Inflation: Transitory or here to stay?

The Fed’s stance that inflation is temporary took a couple of hits this week with the release of some closely watched data points. For the second-straight month, the consumer price index (CPI) remained at a 20-year high with a reading of 5.4%. The core CPI, which excludes more volatile measurements like energy and food prices, rose by less than expected on a monthly basis. July’s data shows a 0.3% increase, against expectations of a 0.4% gain. The core CPI showed a 4.3% annual increase.

The core CPI report boosted the stock market and kept the yield on the benchmark 10-year Treasury note relatively unchanged. This is important to note, as mortgage interest rates follow the rise and fall of the 10-year Treasury.

The producer price index (PPI) told a much harsher story. The Labor Department reported the PPI rose by a whopping 7.8% annually — that’s a record high since the data point started being measured in 2010.

One positive was a third straight week of declining jobless claims.
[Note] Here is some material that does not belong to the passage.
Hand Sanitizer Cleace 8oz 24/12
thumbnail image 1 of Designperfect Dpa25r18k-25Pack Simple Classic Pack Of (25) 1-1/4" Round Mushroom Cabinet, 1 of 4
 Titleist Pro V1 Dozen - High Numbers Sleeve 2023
The Labor Department’s weekly jobless claims report showed 375,000 initial claims of unemployment. Continuing jobless claims also fell, hitting 2.86 million for the last week of July. That’s the lowest level since mid-March 2020.

The choice of when to purchase a home is a personal one. It can be a challenge to time the market, even for the most seasoned investors. Keep in mind that even if you’re renting, you’re likely paying a mortgage — it’s just your landlord’s.